Self-Condemnation


THOUGHTS FROM JOHN’S LETTERS

SELF CONDEMNATION

John’s statements about hate and love in 3:11 – 18 have potential to unsettle Christians with sensitive hearts, and Christians with high levels of honesty.

If we were all sensitive, or if we were all very honest, not be one of us would claim that we loved our fellow believers as Jesus Christ loved us. His great, self-denying, sacrificial love exposes the limited nature of our love. And in addition to sensitivity and honesty, our increasing knowledge of God and his love continually reveals the poverty of our love. The more we know him, the more we know ourselves, and the more we realize the discrepancy between his love for us and our love for others. We are constantly challenged by Jesus’ command ‘Love one another as I have loved you’. The more we understand the ‘I have loved you’ the more we realize how difficult it is for us to obey the ‘as ...’ in our relationships with our fellow Christians.

And so ‘our hearts condemn us’ – 3:20. [Notice that John includes himself in this – he refers to ‘our’ and ‘us’.] There are times, many times, when our hearts will accuse us, telling us that we have not loved ‘with actions and in truth’ (v.18). There is not one of us whose heart never condemns us. The word translated ‘condemn’ is kataginosko (ginosko – know + kata – against). We all know that we do not love as we ought. We all know something against ourselves. We all know that we are sinners who sin. As we have seen earlier, in 1:8 & 10, John outlawed any claims to sinlessness. So when John says ‘if our hearts condemn us’ he is not referring to something that excludes us from salvation, but to an honest self-knowledge that is consistent with the truth of the gospel: that we are sinners who sin, sinners who at every moment need the Saviour and at every moment need his saving work. Sinners who have such a high perception of the love of Christ for us that we feel ourselves unable to ever love anyone just like that.

In 1:7 – 2:2 John gave us strong reassurance in the presence of our real sin and sinfulness: that even though we should not sin, when we do sin there is forgiveness (1:7, 9) through the advocacy of Jesus Christ (2:1) and his atoning sacrifice (2:2).

Now in 3:19 – 24 John similarly encourages us to apply the gospel to our self-condemning hearts and to live in the freedom from condemnation that is ours in Jesus Christ. There is something that will ‘set our hearts at rest’ – that is, reassure us, give us confidence – when our hearts condemn us.

John has just said: ‘We know that we have passed from life to death, because we love our brothers’ and that ‘anyone who does not love remains in death’ (3:14), and these words have unsettled us because we know we have not loved our brothers with the kind of love he has described.
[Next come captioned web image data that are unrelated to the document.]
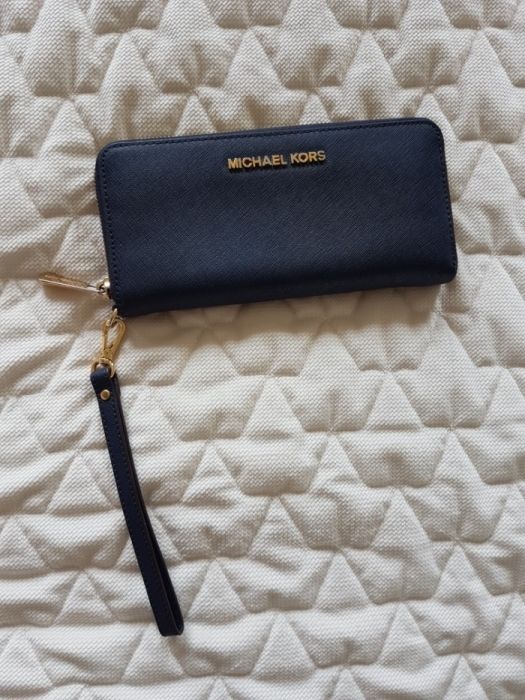 Michael Kors portfel jet set travel navy kopertówka granatowy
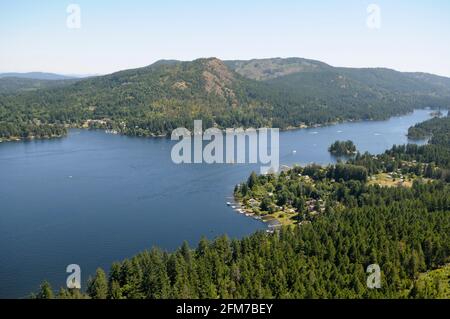 Foto aerea del lago Shawnigan, Vancouver Island, British Columbia, Canada. Foto Stock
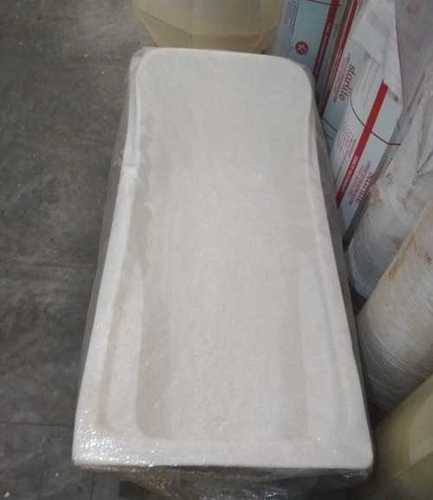 White Ceramic Bath Tub 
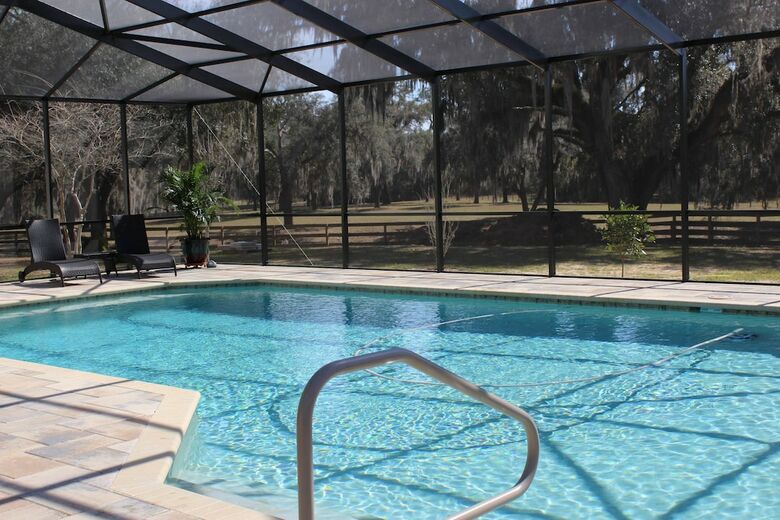 Bed & Breakfast Rock Pointe Ranch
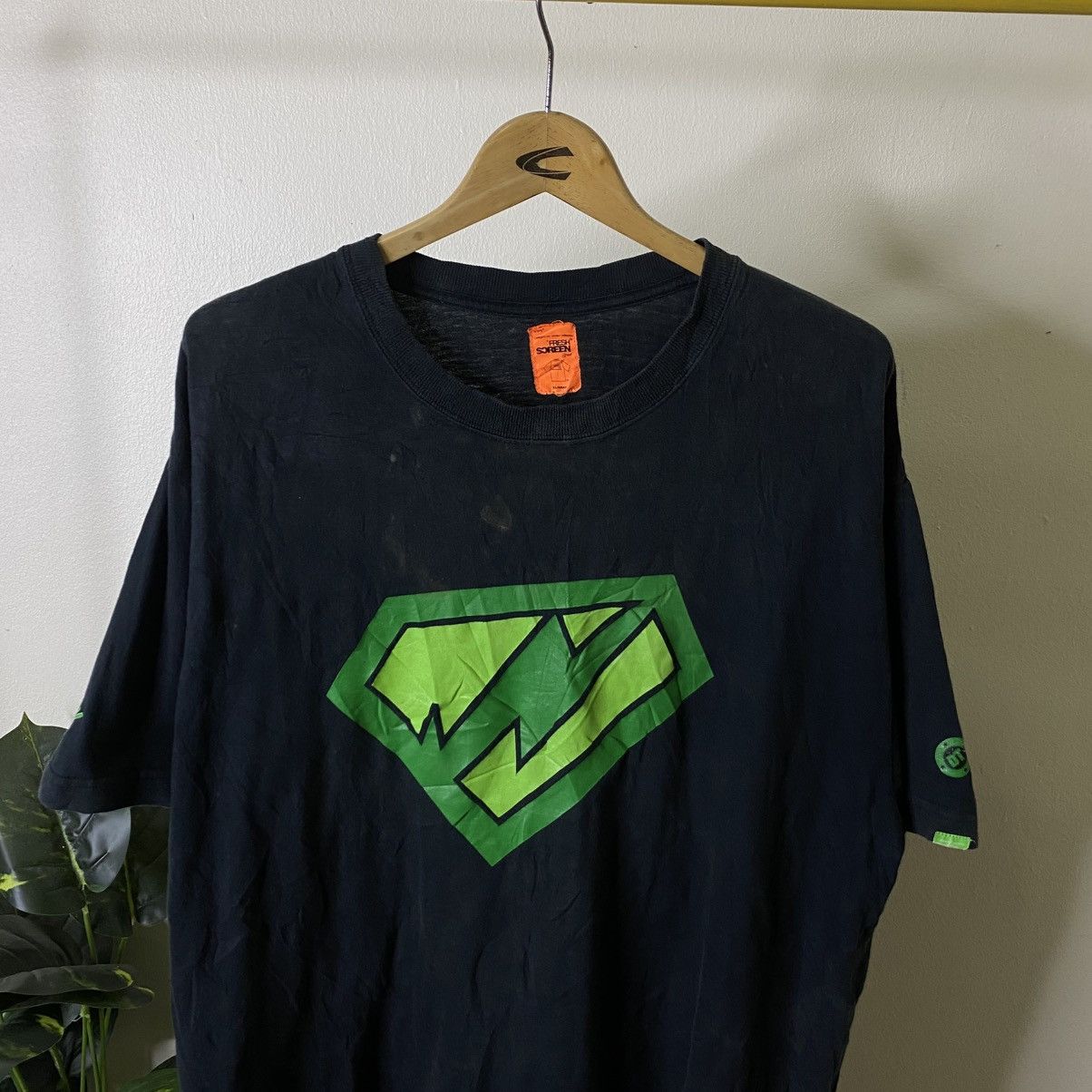 Vintage WTAPS By Tetsu Nishiyama DT Toon Mania Logo T Shirt Size US XL / EU 56 / 4 - 2 Thumbnail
But then he relieves us of our fear:

‘This is how we know that we belong to the truth and how we set our hearts at rest in his presence: If our hearts condemn us, we know that God is greater than our hearts, and he knows everything’ (2:19, 20 – 2011 NIV).
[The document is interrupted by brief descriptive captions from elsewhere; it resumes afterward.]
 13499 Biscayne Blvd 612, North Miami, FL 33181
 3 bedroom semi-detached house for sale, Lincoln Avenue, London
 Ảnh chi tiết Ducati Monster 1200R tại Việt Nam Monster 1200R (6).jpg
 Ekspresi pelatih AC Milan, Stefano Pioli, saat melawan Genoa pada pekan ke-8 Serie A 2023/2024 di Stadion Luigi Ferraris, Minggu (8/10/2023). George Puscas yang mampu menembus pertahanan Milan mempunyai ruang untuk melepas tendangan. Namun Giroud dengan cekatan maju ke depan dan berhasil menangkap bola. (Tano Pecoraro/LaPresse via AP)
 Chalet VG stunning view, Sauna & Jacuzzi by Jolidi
There are three distinct sources of self-condemnation or guilt feelings:

There is our honest awareness of our real sin and sinfulness. We know we have done things worthy of blame and condemnation. This generates true guilt.

There is self-blame that comes from an over-sensitive conscience. Our conscience may be over-sensitive for a range of reasons, making us blame ourselves for things that are not actually sins in God’s sight. For example, our sensitive personality, our negative self-image, our state of physical or mental ill-health, our difficult or dysfunctional relationships, our upbringing and past experiences, pressure from our peer group, our church culture and expectations – all of these and more can condition our hearts and our consciences to condemn ourselves and to carry a heavy burden of false guilt.

The evil one, whose name, Satan, means ‘the accuser’, plays with all of the above – both our real guilt and our false guilt – in his efforts to deceive and destroy us. He is called ‘the accuser of our brothers and sisters’ (Revelation 12:19). He may not always directly confront us with his accusations, but corrupts the thoughts of our hearts and minds, making us focus on ourselves and our sins (and supposed sins), luring us away from confidence in Christ and his cross.

But into the turmoil of our self-condemning hearts comes the glad and liberating message of God’s grace:

‘Whoever hears my word and believes him who sent me has eternal life and will not be condemned; he has already crossed over from death to life’ – John 5:24.

'Therefore, there is now no condemnation for those who are in Christ Jesus, because through Christ Jesus the law of the Spirit of life set me free from the law of sin and death’ – Romans 8:1, 2.
God, the God of unlimited grace, the God who is greater than our hearts, greater than our peers, greater than the evil one, has acquitted us. No accusation, not even from our own hearts, has the legal authority to condemn us. (Read Romans 8:31 – 34.)